Muh Abdi Asmaul/Kendari Pos
DI GRAHA PENA: Direktur RSJ Sultra, Dr. dr. H. Junuda RAF (tengah) foto bersama Dirut Kendari Pos, Dr. Mahdar (kanan) dan Direktur Awal Nurjadin usai tampil di Podcast Kendari Pos Channel, kemarin.
Kendaripos.co.id -- Rumah Sakit Jiwa (RSJ) Provinsi Sulawesi Tenggara (Sultra) kini dipimpin sosok baru. Dokter spesialis kejiwaan, Dr. dr. H. Junuda RAF, M.Kes., Sp.KJ., Subspesialis Psikiatri Biologik (K), resmi dilantik sebagai Direktur RSJ Sultra, Oktober 2025 lalu.
Saat wawancara eksklusif dalam program Podcast Kendari Pos Channel,, dr. Junuda memaparkan visinya selama memimpin RSJ Sultra. Fokusnya adalah membangun layanan kesehatan jiwa yang lebih holistik.
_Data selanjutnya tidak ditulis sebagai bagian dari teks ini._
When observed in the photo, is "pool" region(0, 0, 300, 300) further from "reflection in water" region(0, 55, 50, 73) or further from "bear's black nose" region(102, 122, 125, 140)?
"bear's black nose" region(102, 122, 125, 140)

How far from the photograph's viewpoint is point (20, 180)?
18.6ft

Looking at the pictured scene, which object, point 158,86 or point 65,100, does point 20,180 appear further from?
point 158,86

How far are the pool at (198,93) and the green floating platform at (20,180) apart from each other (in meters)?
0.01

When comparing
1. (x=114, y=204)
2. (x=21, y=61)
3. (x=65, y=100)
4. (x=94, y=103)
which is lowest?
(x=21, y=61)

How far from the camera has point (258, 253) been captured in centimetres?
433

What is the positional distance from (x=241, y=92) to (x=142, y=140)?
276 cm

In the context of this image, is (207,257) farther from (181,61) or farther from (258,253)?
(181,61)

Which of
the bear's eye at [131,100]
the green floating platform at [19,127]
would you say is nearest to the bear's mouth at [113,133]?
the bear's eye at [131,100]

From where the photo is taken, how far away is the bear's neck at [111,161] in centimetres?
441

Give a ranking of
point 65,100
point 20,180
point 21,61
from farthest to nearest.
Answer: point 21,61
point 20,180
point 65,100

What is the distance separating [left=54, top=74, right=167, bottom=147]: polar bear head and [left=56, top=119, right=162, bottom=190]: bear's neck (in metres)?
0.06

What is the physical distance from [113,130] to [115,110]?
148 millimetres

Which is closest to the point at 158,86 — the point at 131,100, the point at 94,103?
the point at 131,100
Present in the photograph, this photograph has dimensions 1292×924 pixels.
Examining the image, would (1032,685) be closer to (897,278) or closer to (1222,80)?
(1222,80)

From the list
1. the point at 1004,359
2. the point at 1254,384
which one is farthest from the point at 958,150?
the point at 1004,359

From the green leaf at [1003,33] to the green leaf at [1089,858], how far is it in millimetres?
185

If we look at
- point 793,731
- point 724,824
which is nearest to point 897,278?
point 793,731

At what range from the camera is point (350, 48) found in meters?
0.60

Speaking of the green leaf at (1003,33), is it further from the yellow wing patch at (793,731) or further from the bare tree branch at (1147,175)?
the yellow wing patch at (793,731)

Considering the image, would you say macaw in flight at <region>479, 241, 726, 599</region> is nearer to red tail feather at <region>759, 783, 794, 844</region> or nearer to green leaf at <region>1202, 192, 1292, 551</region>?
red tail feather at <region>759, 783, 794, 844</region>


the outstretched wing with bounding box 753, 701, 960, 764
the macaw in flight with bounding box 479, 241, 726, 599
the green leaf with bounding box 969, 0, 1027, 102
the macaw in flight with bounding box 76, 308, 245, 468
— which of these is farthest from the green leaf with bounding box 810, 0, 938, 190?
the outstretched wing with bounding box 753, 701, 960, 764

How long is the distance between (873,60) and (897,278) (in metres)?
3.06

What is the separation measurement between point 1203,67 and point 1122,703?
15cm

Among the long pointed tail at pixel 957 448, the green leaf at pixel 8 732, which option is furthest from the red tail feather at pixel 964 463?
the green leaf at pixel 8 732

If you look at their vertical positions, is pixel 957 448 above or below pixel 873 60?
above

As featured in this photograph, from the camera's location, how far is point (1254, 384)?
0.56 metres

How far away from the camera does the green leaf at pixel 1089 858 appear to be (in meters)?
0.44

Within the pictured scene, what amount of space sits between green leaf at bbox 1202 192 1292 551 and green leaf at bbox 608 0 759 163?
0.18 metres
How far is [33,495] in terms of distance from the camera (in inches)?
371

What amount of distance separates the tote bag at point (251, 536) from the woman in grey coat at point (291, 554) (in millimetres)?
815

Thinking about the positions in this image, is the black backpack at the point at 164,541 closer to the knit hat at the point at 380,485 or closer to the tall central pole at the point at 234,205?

Salah satunya, melalui pendekatan psikiatri budaya.
Mengawali penjelasannya, dr. Junuda meluruskan pemahaman yang masih sering keliru di masyarakat, mengenai perbedaan antara psikiater dan psikolog klinis.
“Psikiater itu adalah dokter. Kami menempuh pendidikan kedokteran dulu, lalu mengambil spesialisasi kejiwaan. Sementara psikolog klinis, berasal dari latar belakang psikologi, dan tidak memiliki kewenangan memberikan obat,” ujar dr Junuda dalam acara podcast yang dipandu langsung Dirut Kendari Pos, Dr. Mahdar Tayong.
Ia menyederhanakan perbedaan tersebut: psikiater menangani dengan “obat dan omong”. Sementara psikolog klinis, lebih fokus pada “omong” atau terapi bicara.
Namun, salah satu fokus terpenting dari arah kebijakan barunya adalah psikiatri budaya. Yakni pendekatan yang memperhatikan ekspresi gangguan jiwa dalam konteks budaya lokal.
“Di Indonesia, orang jarang langsung mengatakan dirinya stres atau depresi. Umumnya dikeluhkan sebagai sakit kepala, nyeri ulu hati, atau lemas. Ini adalah ekspresi budaya dari gangguan jiwa,” jelasnya.